The Lowell Hydroelectric Project is located on the Merrimack River. While the project does not occupy any federal land, it is located within
the administrative boundary of the Lowell National Historical Park.
On July 6, 2010, project licensees Boott Hydropower, Inc., and Eldred L. Field Hydroelectric Facility Trust filed an application to amend the license for the Lowell Hydroelectric Project. The licensees requested authorization to replace the existing Pawtucket Dam’s wooden flashboards with a pneumatic crest gate system, and to change the configuration of the wooden flashboard system while the new crest gate system is being constructed. Also called "inflatable flashboards", a pneumatic crest gate system allows the dam operator to increase or decrease the effective height of the flashboard system remotely.
The application was contested. Among other things, Pawtucket Dam is listed on the National Register of Historic Places as part of the Lowell Park and two historic districts, one of which is a National Historic Landmark. Participants in the license amendment case disagreed about whether it is acceptable to alter the crest control structure on top of the dam and whether the effects of
doing so can be adequately mitigated. Some concern related to the visual impact of the inflatable flashboards, relative to the project's historic context.
But in 2013, the Federal Energy Regulatory Commission issued an Order Amending License allowing the licensee to replace the wooden flashboards with a pneumatic crest gate system. The Commission found "that the proposed pneumatic crest gate system can be installed without unacceptably altering the dam or adversely affecting the park and historic districts." The Commission therefore granted the licensees’ amendment request, subject to additional conditions.
Those conditions included a paragraph in the Order requiring the licensees to take certain actions "to mitigate any adverse effects on historic properties of installing the pneumatic crest gate system." These license required consultation with the Massachusetts State Historic Preservation Officer and the Lowell National Historical Park to the extent possible. The conditions also included specific measures including interpretive exhibits, a design for the compressor house featuring "materials and colors that are compatible with the historic fabric of the adjacent architecture, to ensure that the compressor house resembles nineteenth century buildings in Lowell," color and appearance requirements for the inflatable flashboard system.
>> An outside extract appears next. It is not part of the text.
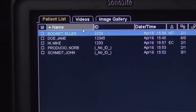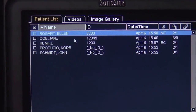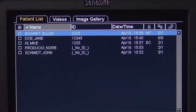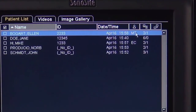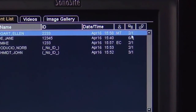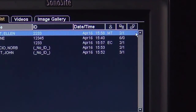The header at the top of the screen identifies patient and image information for the study. This includes patient name, ID number, date and time of the exam, the sonographer's initials, image and clip number, and connectivity.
But National Park Service subsequently indicated its willingness to waive these design-related mitigation requirements. According to a February 2, 2016, letter from the National Park Service, "it is National Park Service's policy not to make new construction look historic in appearance." Two days later, the licensee applied to the FERC to remove these mitigation requirements. That application notes that eliminating these requirements "decreases material ordering time and crest gate system installation time for this long-awaited improvement."
Comments on the application, motions to intervene, and protests are due by April 11, 2016.